Source material:
╭──
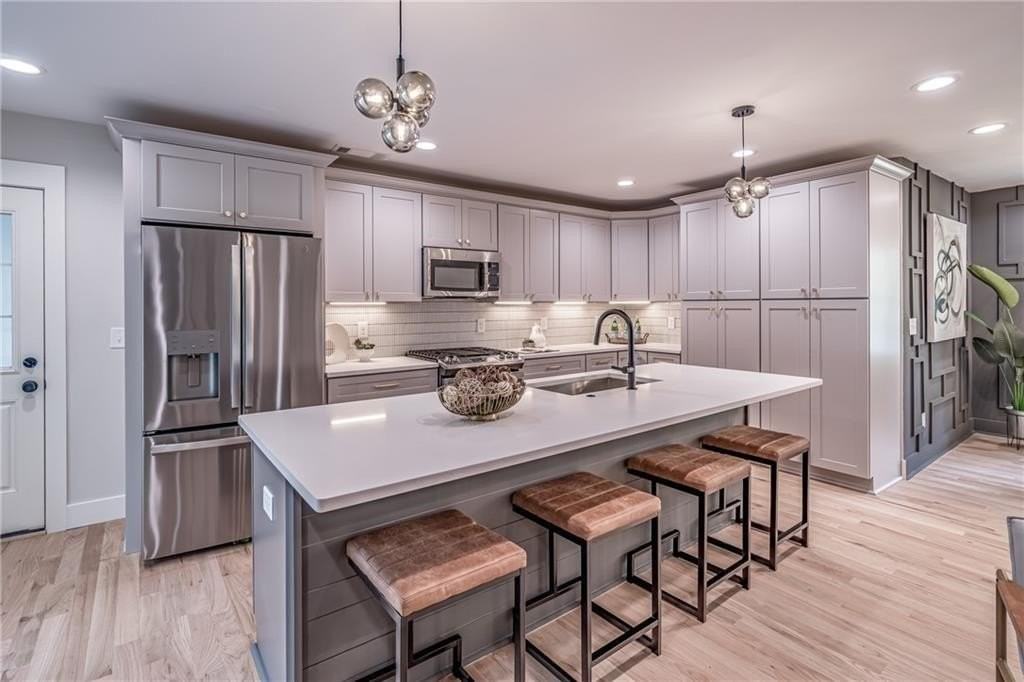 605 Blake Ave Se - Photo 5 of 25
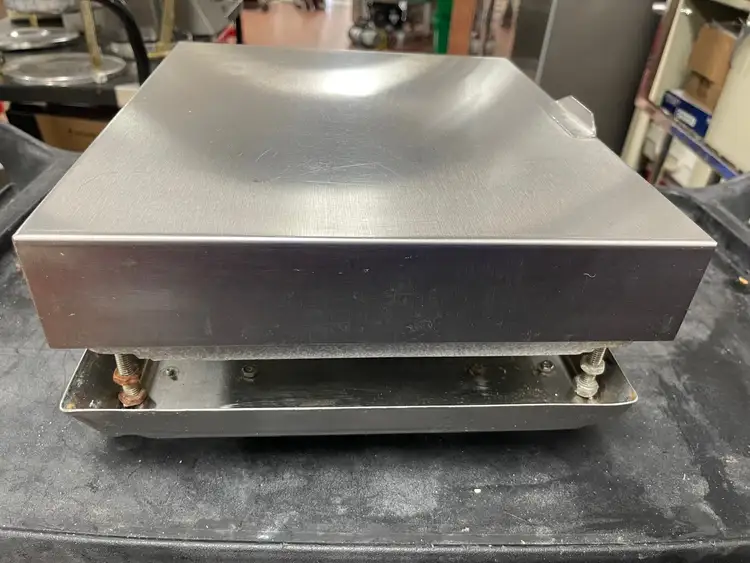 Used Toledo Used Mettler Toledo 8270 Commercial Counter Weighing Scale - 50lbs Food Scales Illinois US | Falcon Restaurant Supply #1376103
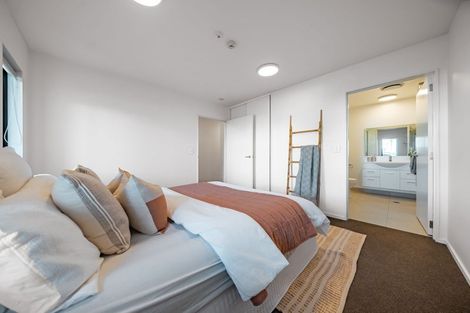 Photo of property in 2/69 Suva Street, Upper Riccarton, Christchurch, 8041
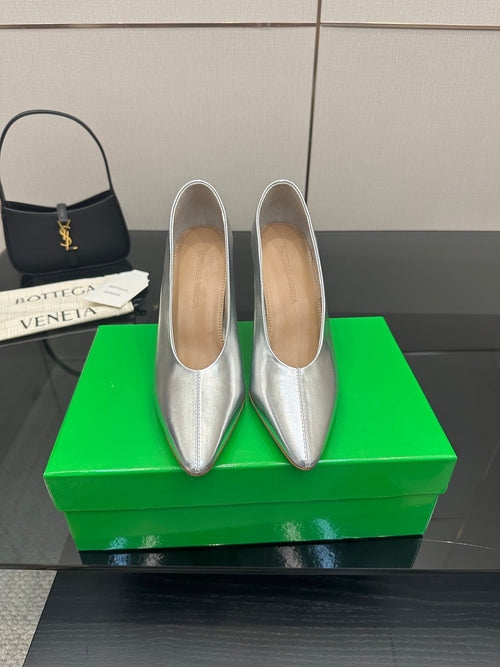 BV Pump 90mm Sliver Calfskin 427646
╰──
Your objective: Word for word, return the material, omitting the pictures.

Written response:
 605 Blake Ave Se - Photo 5 of 25
 Used Toledo Used Mettler Toledo 8270 Commercial Counter Weighing Scale - 50lbs Food Scales Illinois US | Falcon Restaurant Supply #1376103
 Photo of property in 2/69 Suva Street, Upper Riccarton, Christchurch, 8041
 BV Pump 90mm Sliver Calfskin 427646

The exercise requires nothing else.